The Territory is one of the most notable films of the year, and that’s quite impressive considering the documentary is Alex Pritz‘s first feature. With three shorts under his belt, Pritz went big to share the story of the Uru-Eu-Wau-Wau, an indigenous group struggling to retain a small area of the Amazon rainforest that they call home. Pritz’s success with his debut (including jury and audience awards at the 2022 Sundance Film Festival) owes a lot to his collaboration with the Uru-Eu-Wau-Wau and Brazilian activist Neidinha Bandeira as well as renowned Hollywood filmmaker Darren Aronofsky (Requiem for a Dream, Black Swan, The Fountain).

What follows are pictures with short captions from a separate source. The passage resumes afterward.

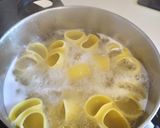 Foto del paso 2 de la receta: Lumaconis de atún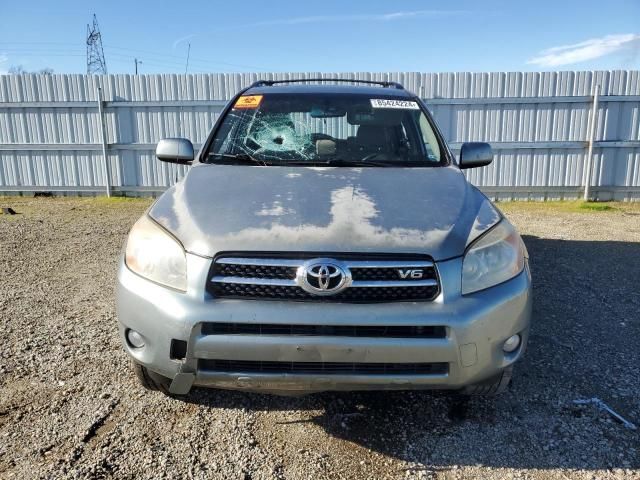 2006 Toyota Rav4 Limited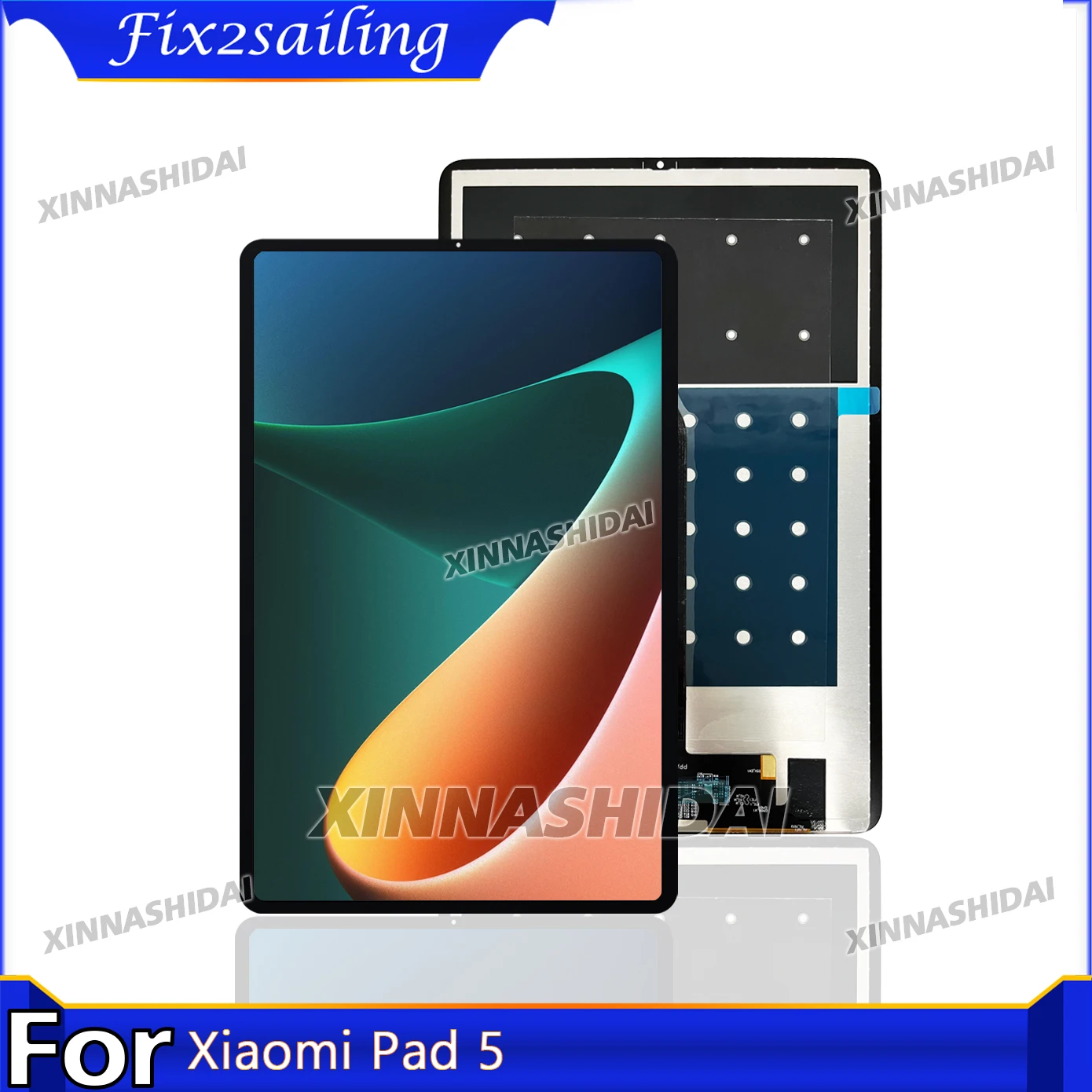 

AAA+ NEW LCD Screen For Xiaomi Pad 5 LCD Display For Xiaomi Pad 5 LCD Touch Digitizer Full Assembly Repair Parts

Usually, when you see a name like Darren Aronofsky’s on a documentary like The Territory, it’s an executive producer credit. Meaning, that recognizable figure has essentially sponsored the film, often coming aboard in the late stages of production but not having a direct hand in its ongoing development. Aronofsky is one of the true producers of The Territory, participating in the making of the documentary since Pritz’s early days of shooting, in 2019. Aronofsky (who previously produced Lance Oppenheimer’s delightful first documentary feature, Some Kind of Heaven) provided creative input and — curiously given his lack of experience with the genre — apparently inspired its Western-tinged structure and themes.
Ahead of the theatrical release of The Territory, I interviewed Pritz in depth about the documentary and some of the difficult choices he had to make in its construction. We also talked about the working relationships he had with his subjects, who also had a lot of creative influence on the film’s making, as well as with Aronofsky, who provided a lot more than just his name. Below is Pritz’s answer to my inquiry into how Aronofsky and his production company became involved with The Territory, a debut feature from an unknown documentarian, and what that has meant for the film.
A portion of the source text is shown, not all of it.